O prémio especial dos editores: viver com e depois do cancro
Na mesma cerimónia, um Prémio Especial dos Editores foi atribuído a “Vivre avec, vivre après” (“Viver com, viver depois”) de Christophe André, Cloé Brami e Violaine Forissier, publicado pela L’Iconoclaste. A revista só concedeu esta distinção especial três vezes, sinalizando como o livro se alinha com a missão editorial.
Os autores oferecem um guia para pessoas afetadas pelo cancro – doentes, familiares e cuidadores. O psicólogo Christophe André é conhecido no mundo francófono por tornar o mindfulness e competências emocionais acessíveis ao grande público. Aqui, a par da médica Cloé Brami e da jornalista Violaine Forissier, centra-se nas tempestades criadas pela doença grave.
O livro apresenta-se como um companheiro, oferecendo marcos, recursos e esperança a quem navega pelo cancro.
Em vez de se focarem apenas em informação médica, os autores colocam as relações no centro dos cuidados: como falar com quem se ama, como receber ajuda sem se reduzir a um diagnóstico, como reconstruir a vida quotidiana quando o tratamento termina.
Porque é importante para doentes e famílias
Investigação em psico-oncologia mostra que apoio emocional, comunicação clara e relações estáveis podem influenciar a qualidade de vida e, em alguns casos, até a adesão ao tratamento. Um livro que trate estes aspetos como centrais responde a uma necessidade real.
O Prémio Especial dos Editores, associado a uma obra destas, reflete uma mudança cultural mais ampla na saúde: os doentes procuram tanto clareza científica como ferramentas práticas para viver a doença – não apenas para sobreviver a ela.
Silêncio, fala e saúde mental: perspetivas práticas para leitores
Ambos os livros premiados levantam uma pergunta comum: como lidamos com as experiências mais difíceis sem nos afogarmos nelas, nem fingirmos que não existem?

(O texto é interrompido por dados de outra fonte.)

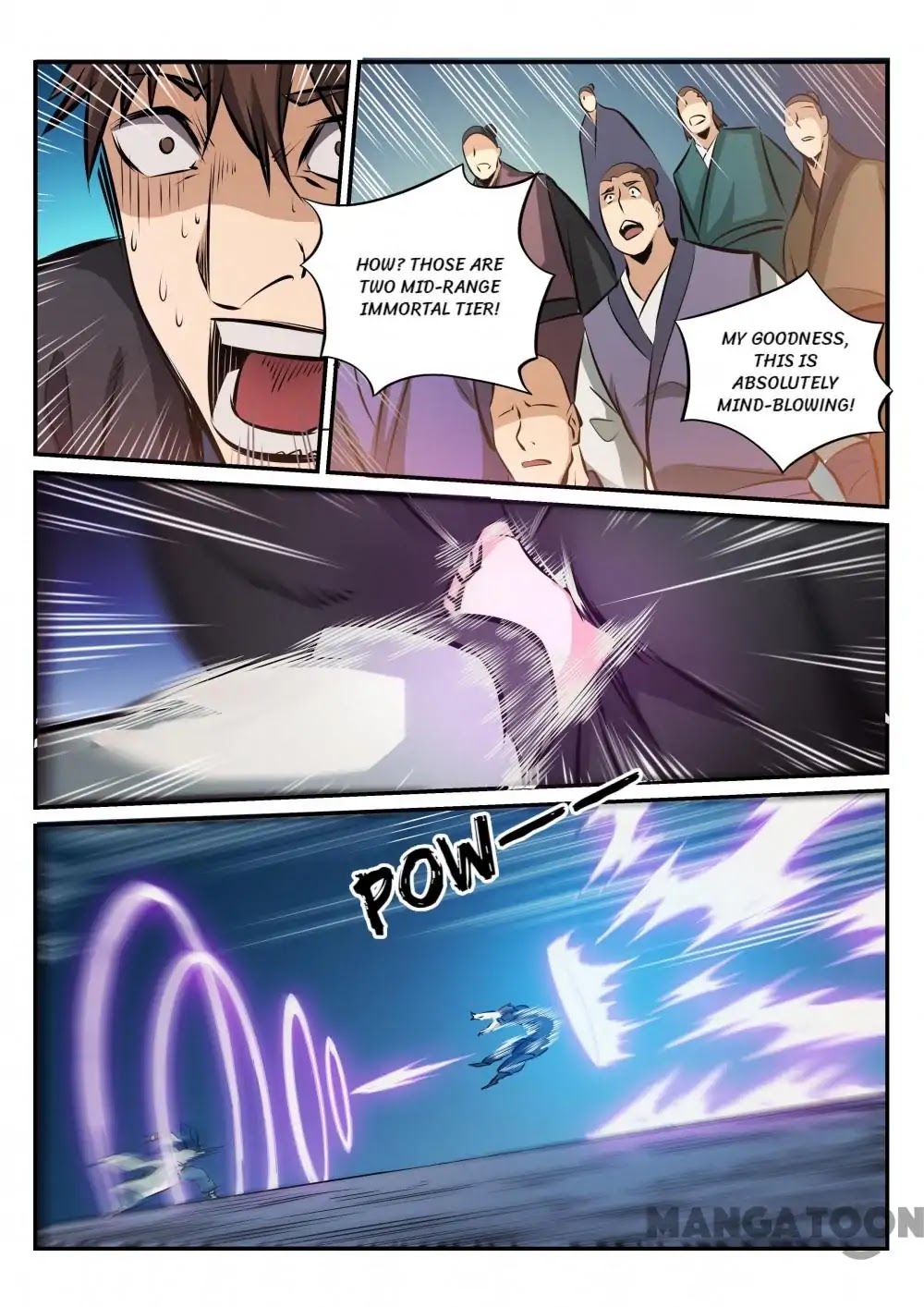 Apotheosis Chapter 168 - Page 13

Os psicólogos observam frequentemente uma tensão entre dois riscos:
- Ficar calado demasiado tempo pode cristalizar traumas, isolar pessoas e manter ciclos de vergonha.
- Falar sem preparação pode reabrir feridas abruptamente ou sobrecarregar relações que não estão prontas para tais verdades.
O trabalho de Joseph sugere um caminho do meio: dar um nome ao silêncio, perceber que papel desempenha e depois escolher quando e onde quebrá-lo. Isso pode significar começar por um terapeuta, um amigo de confiança ou até escrever em privado antes de falar em voz alta.
Para quem lida com doença, como os leitores de “Viver com, viver depois”, o desafio é ligeiramente diferente. Muitos doentes acabam por editar a sua própria história para proteger os que lhes são próximos, disfarçando medo ou exaustão em piadas ou comentários estoicos. Uma orientação estruturada pode ajudar famílias a criar pequenos rituais de conversa, check-ins breves ou cadernos partilhados onde as emoções possam surgir sem transformar cada jantar numa sessão de terapia.
Ambos os livros abrem ainda a porta para uma competência negligenciada: aprender a ouvir sem apressar um conselho. Quando alguém quebra finalmente um longo silêncio – sobre cancro, trauma, depressão ou segredos de família – a primeira resposta define o tom do que vem a seguir. Um simples “Estou a ouvir, estou aqui contigo” pode ser mais eficaz do que um longo discurso explicativo.
Para leitores fora de França, estes prémios sinalizam uma procura crescente por ensaios psicológicos que não sejam pura clínica, nem pura inspiração. Estão no território real e imperfeito onde teoria e vida quotidiana se encontram: a pausa silenciosa antes da confissão, a palavra presa na garganta, a mensagem não enviada, o resultado médico que muda todo um futuro. O silêncio, aqui, não é vazio. É um ponto de partida.